Final Exam—Part 2

Due Date

Monday, December 10, 2012

Instructions

Same rules and policies apply to this "exam" as apply to ordinary assignments.

Data Source

The data for this assignment are contained in moths.csv, a comma-delimited text file. They appear as Table 12 in Bishop (1971).

Background

The phenomenon of industrial melanism is one of the textbook examples of natural selection in action. The relative prevalence of two natural color morphs of the moth Biston betularia in England has changed over time apparently in response to industrial air pollution. The dark morph flourishes in polluted areas where tree trunks are darkened by soot while the light morph flourishes in less polluted areas where tree trunks are lighter. Bishop (1971) investigated a naturally occurring cline of Biston betularia extending from industrial Liverpool (most polluted) to the rural countryside of North Wales (least polluted). One of the analyses he carried out is the subject of this exam question.

Bishop selected seven woodlands (Location) at varying distances (Distance) from Liverpool (in km). He describes his experimental protocol as follows, p. 224–225.

In June and early July 1966 and 1967, eight trees (occasionally sixteen) were selected at random at each of several localities every day. Equal numbers of frozen typical and carbonaria moths were glued to these in life-like positions. It was assumed that these moths would be subject to predation by birds in the manner observed by Kettlewell (1955). The moths were placed on a different aspect of the tree-trunks each day at heights of from 0.5 to 2. m. The position of each moth was noted and after 24 hrs a record was made as to whether or not it had been removed (or preyed upon). Remaining moths were then detached and the process was repeated with fresh moths on a different random series of trees. The long duration of the experiment meant that predation occurred over a range of weather conditions.

Unfortunately the raw data are unavailable. Instead we have the results summarized by site for each Morph. The variable Num_moths records how many total moths of a particular Morph were exposed to predation at a particular site and the variable Num_removed records the number of these individuals that was removed presumably by predators. The question of interest is whether the predation rate varies with the distance from Liverpool and, more importantly, whether this relationship is different for the two color morphs.

Questions

  1. A single regression model involving the predictors Distance and Morph can answer the researcher's question of interest. Write down that regression model in generic form. What I want here is the expression that would appear on right side of a regression equation written out as a sum of parameters times predictors.
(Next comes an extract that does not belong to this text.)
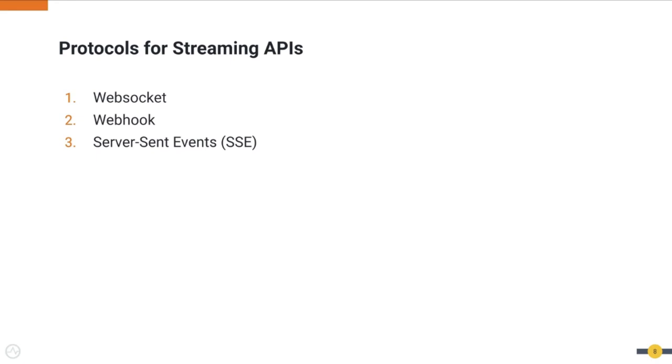The Server-Sent Event is similar to Webhook and it only allows one-way communication from the server to the client, and the client cannot send any messages to the server.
Hint 1: I'm looking for an expression of the form β0 + β1x + …, where you should include as many terms as are needed to describe the basic outlines of the experiment and answer the researcher's question. Be sure to identify what the variables in your expression represent.
Hint 2: I'm not asking you to include the complications discussed in Question 6 at this point.

  1. Using the expression you've written as your answer to Question 1, state a null hypothesis in terms of model parameters that directly tests whether the relationship between predation rate and distance is the same for the two morphs.
  2. Given the nature of the response variable, fit an appropriate regression model that addresses the researcher's primary question.
  3. Test the overall fit of the model of Question 3 using an appropriate goodness of fit test. Verify that the test is appropriate.
  4. There's a structural characteristic of these data that we've been ignoring that may be acting to make the data heterogeneous. The structure is represented by a variable in the data set. What am I talking about?
  5. Refit your model from Question 3 but this time also account for the structure of the data. In reference to this structure, which variable in your model is a level-1 variable and which variable is a level-2 variable?
  6. The statistical evidence for this structure turns out to be very weak. Demonstrate this either by carrying out a formal statistical test or by citing relevant statistics. (Note: We'll continue to use the model with structure in the remaining questions anyway.)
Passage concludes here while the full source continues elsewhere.